A language $L$ is semidecidable if there is a Turing machine that on input $x$, halts if $x \in L$, and doesn't halt if $x \notin L$. It is decidable if there is a Turing machine that on input $x$, halts at an accepting state if $x \in L$, and halts at a rejecting state if $x \notin L$. It's not hard to check that every decidable language is also semidecidable.
A logical system is semidecidable (decidable) if the language of all theorems in the system is semidecidable (decidable).
Being semidecidable is an upper bound on the complexity of a language. Being NP-hard is a lower bound on the complexity of a language. If all you know about a language is that it is semidecidable, you cannot deduce that it is NP-hard, just as you cannot conclude that $x \geq 0$ from the inequality $x \leq 1$.

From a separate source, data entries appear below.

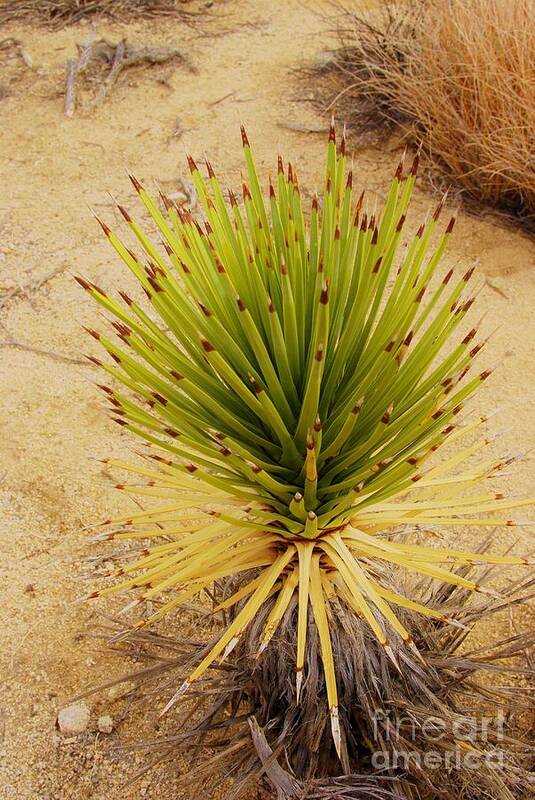 Yucca Brevifolia Art Print featuring the photograph NeW BeGiNNiNG  by Angela J Wright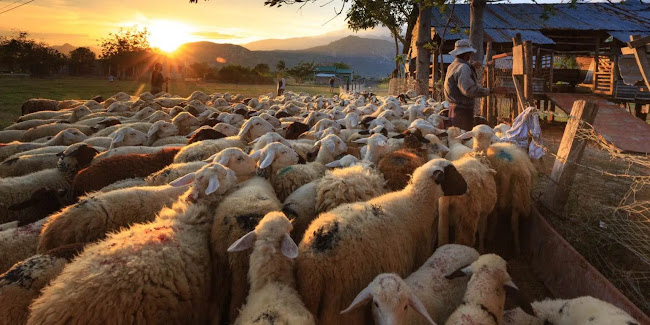 Xάθηκε κοπάδι πρόβατα στο Βασιλόπουλο Ξηρομέρου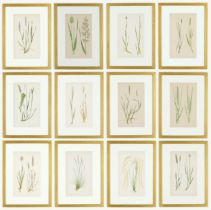 E.J. LOWE, Grasses, a set of 12 botanical prints, each 30cm x 23cm, circa 1858, individually framed.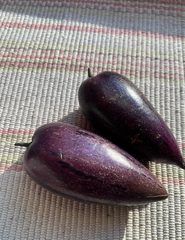 Pepino Melon Cuttings – 6 Fresh Deep Purple Variety, Easy-Rooting Solanum Muricatum for Containers, Edible Gardens & Warm Climates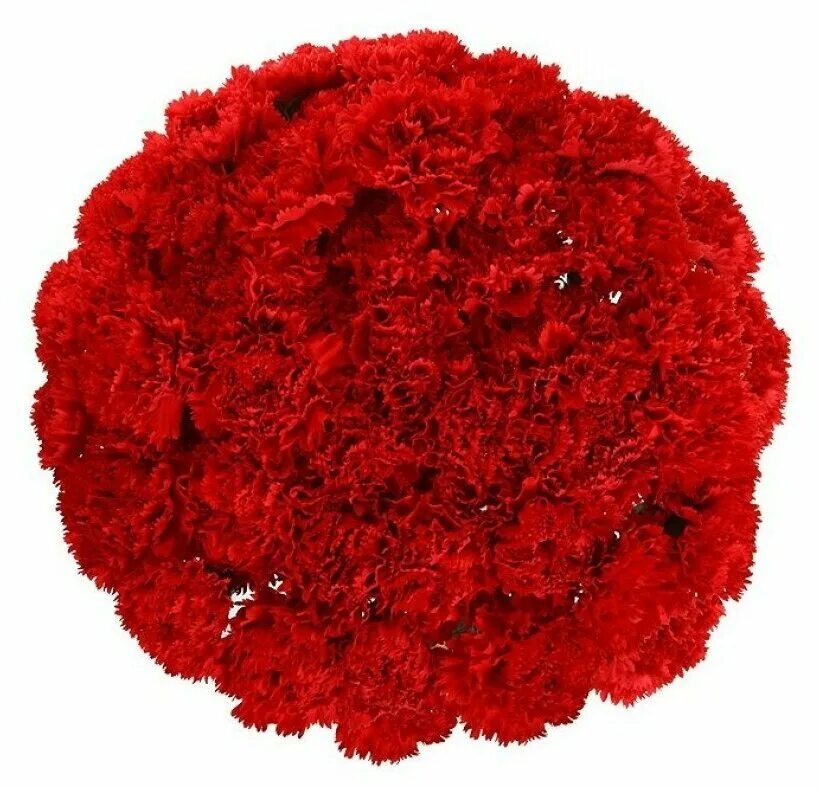 Гвоздика лилипот. Гвоздика диантус красная. Гвоздика селект. Испанская гвоздика. Красные гвоздики.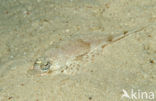 Longsnout flathead (Thysanophrys chiltonae)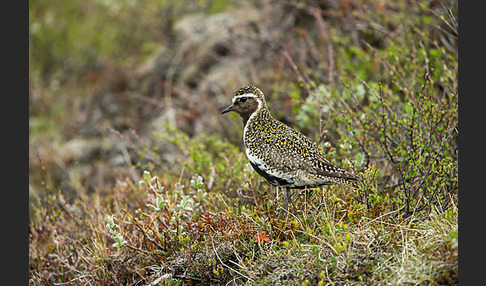 Goldregenpfeifer (Pluvialis apricaria)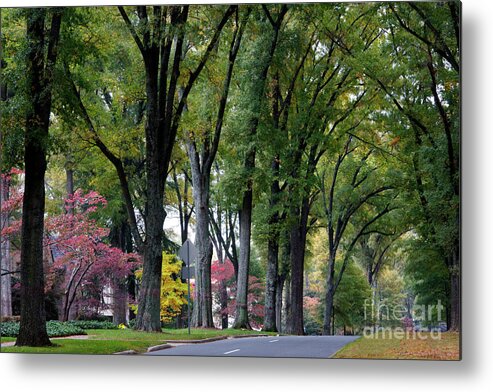 Queens Road West Metal Print featuring the photograph Queens Road West in the Fall by Jill Lang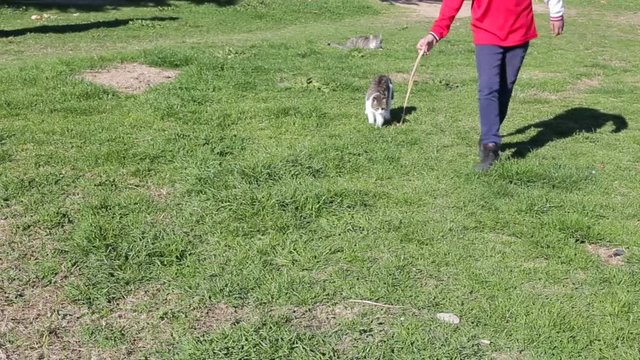 Cat playing with a toy on the green grass in the park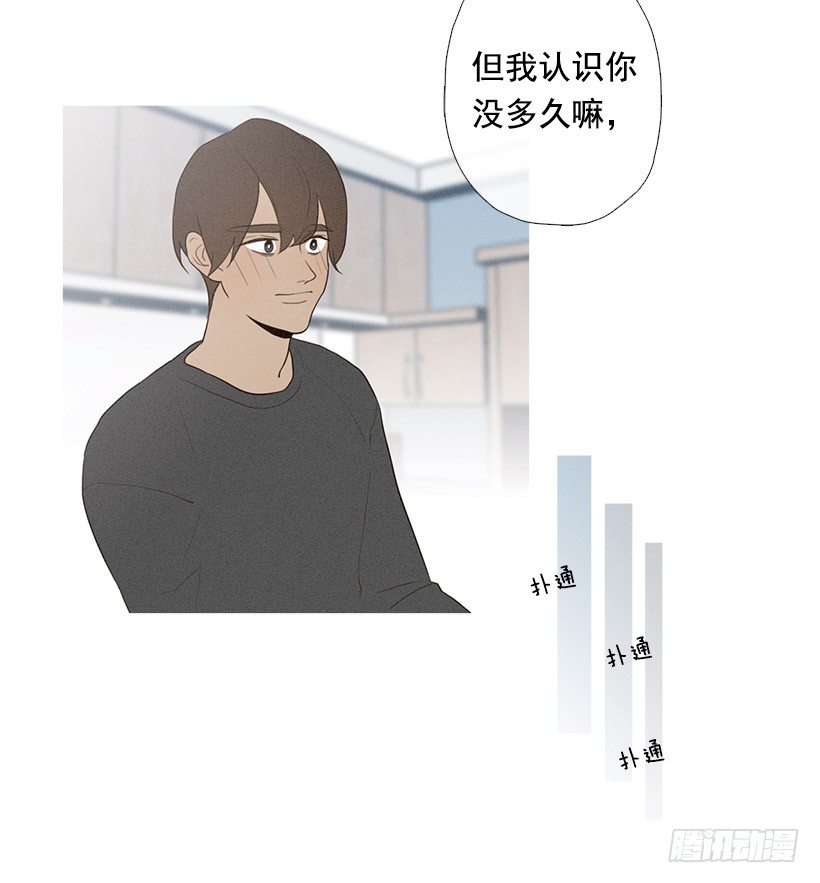 表白的回复12
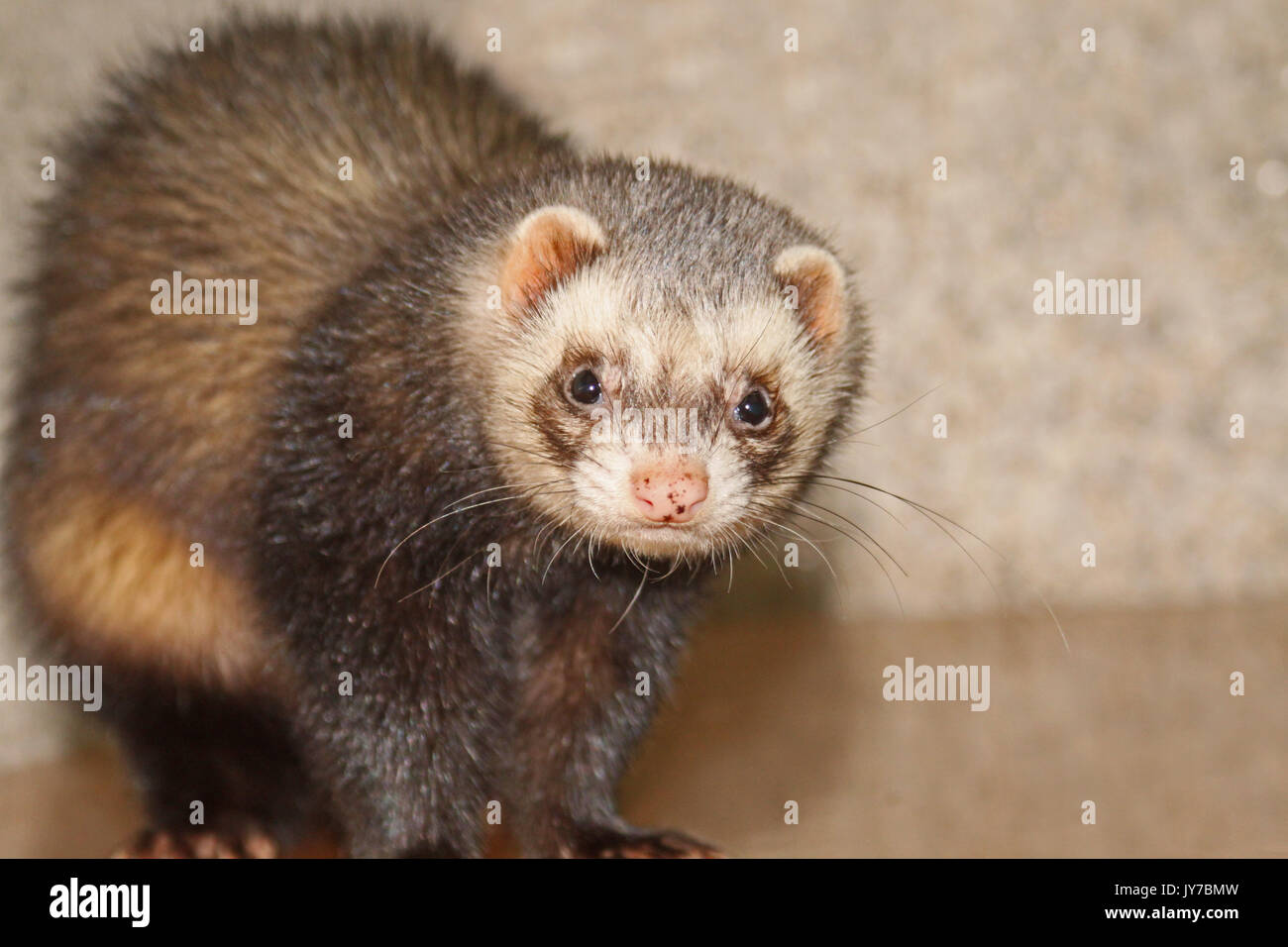 exotic ferret pet portrait in studio Stock Photo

The halting problem is $\Sigma_1^0$-complete, which means that it is semidecidable (an upper bound), and moreover, every semidecidable language can be reduced to it using a computable reduction (a lower bound). To be equivalent to the halting problem, you need both an upper bound on your language and a lower bound on your language. The language of theorems in a logical system is guaranteed (by definition) to be semidecidable, but it could also be decidable, in which case it is definitely not equivalent to the halting problem.
Finally, you don't explain what you mean by First Order Logic, but assuming that it can express propositional tautologies, then the corresponding language of theorems is definitely NP-hard, by reduction from SAT. In fact, the language of true quantified Boolean formulas, known as TQBF, is known to be PSPACE-complete.